Ages and ages ago I saw on BBC TV how pesto is made. It involved a marble mortar and pestle and much slow grinding of pine nuts and dribblings of olive oil, you know, the old mama cucina way, with sun dappled Tuscany mountain view a requisite backdrop. That kind of intimidated me and thereafter I only ever ordered pasta with pesto sauce in restaurants. Eventually I stopped eating pesto altogether, because restaurant versions became watered down or weirder e.g. crusted on salmon steaks, and it kind of fell out of fashion. Readily available commercial versions didn't help either, most are too salty or taste like crushed up grass.

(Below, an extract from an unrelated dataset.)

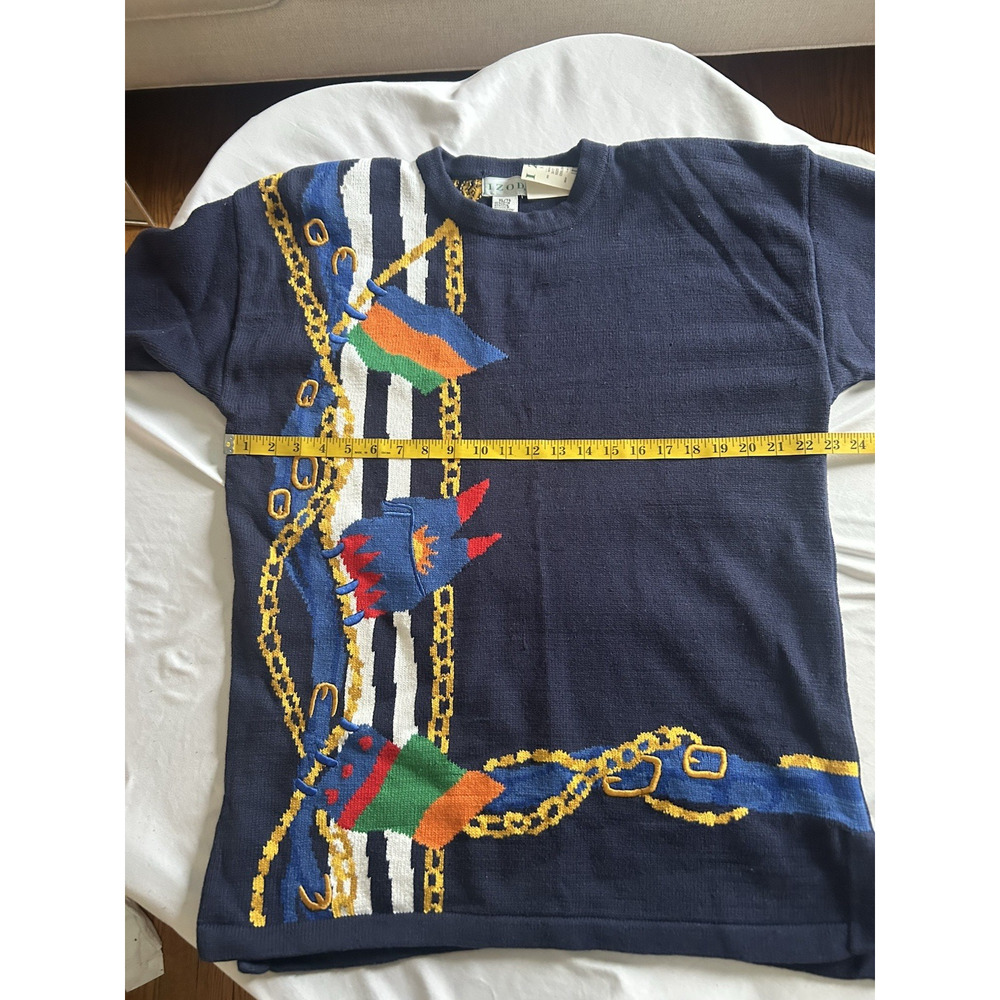 Vintage 90s Y2K Izod Novelty Sweater Womens Size XL Blue Classic Comfort NWT - Picture 7 of 9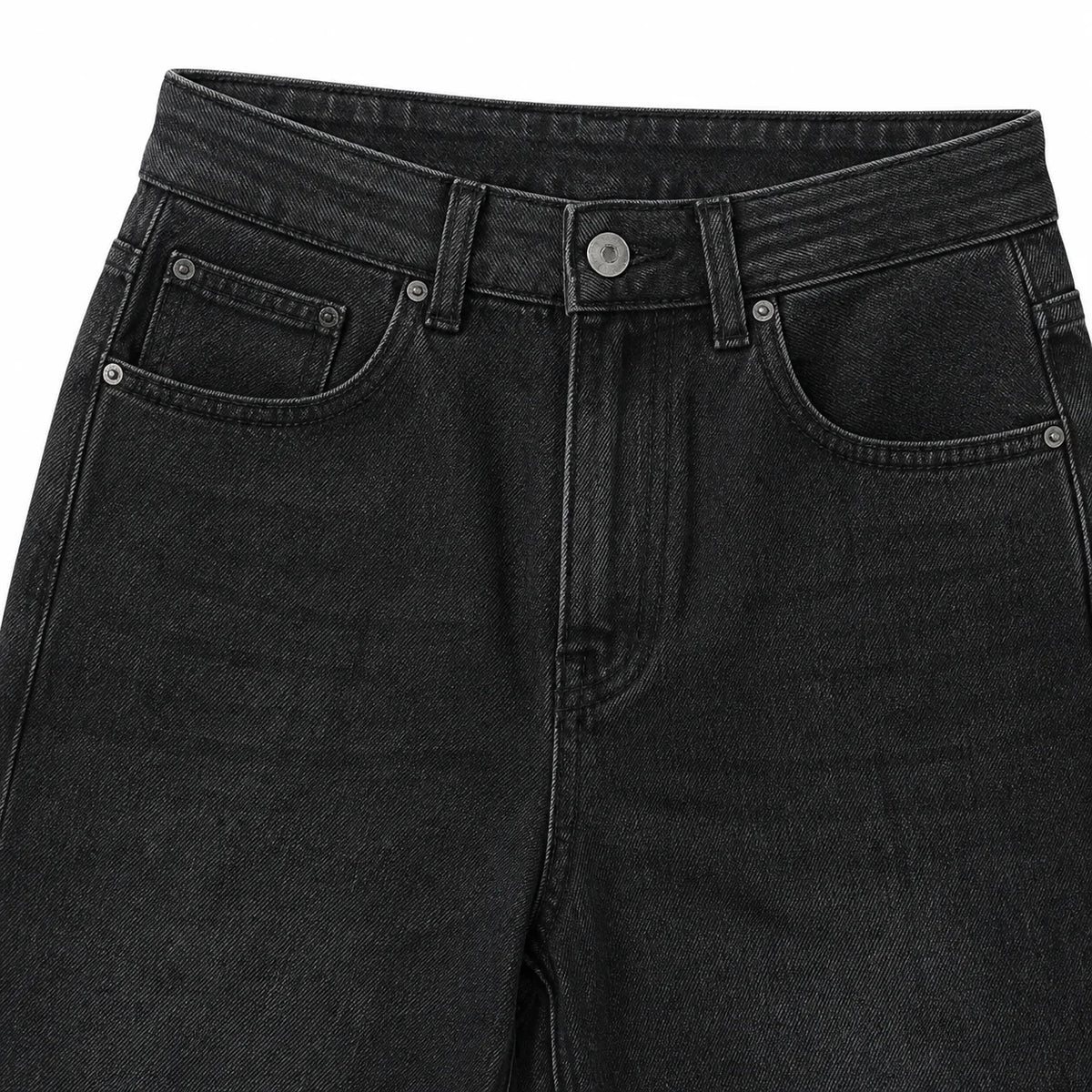 Jean large noir délavé taille haute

Fast forward to May 2009. I went to BHV and was so seduced by the Magimix demo (grated carrots!, coleslaw!, aioili! the chef magicked them all up on the spot) that I bought one on the spot. There was a recipe for pesto in the manual, and looking around my pantry and fridge I did have all the ingredients on hand. Chunks of 26 month old organic parmesan, fresh basil, pinenuts sitting in the fridge waiting for this very fate ( I toasted them slightly but it was quite a redundant move), couple of cloves of garlic, olive oil and salt. As simple as that. I think the proportions was something like 2 cloves garlic: 200g nuts: 200g cheese: 1 bunch of basil.
All the dry ingredients together with half the basil leaves were pulsed with a little olive oil and salt until roughly chopped, then the rest of the basil went in and the button pressed to "blend". Olive oil was dribbled in until the pesto became creamy, et voila, we had pesto. The kid licked the spoon and pronounced it yummy. I thought we would smear it on toast but we ended up eating it neat as it was so delicious.
I saved some to dress some linguini the next day, mamma mia it was a good lunch.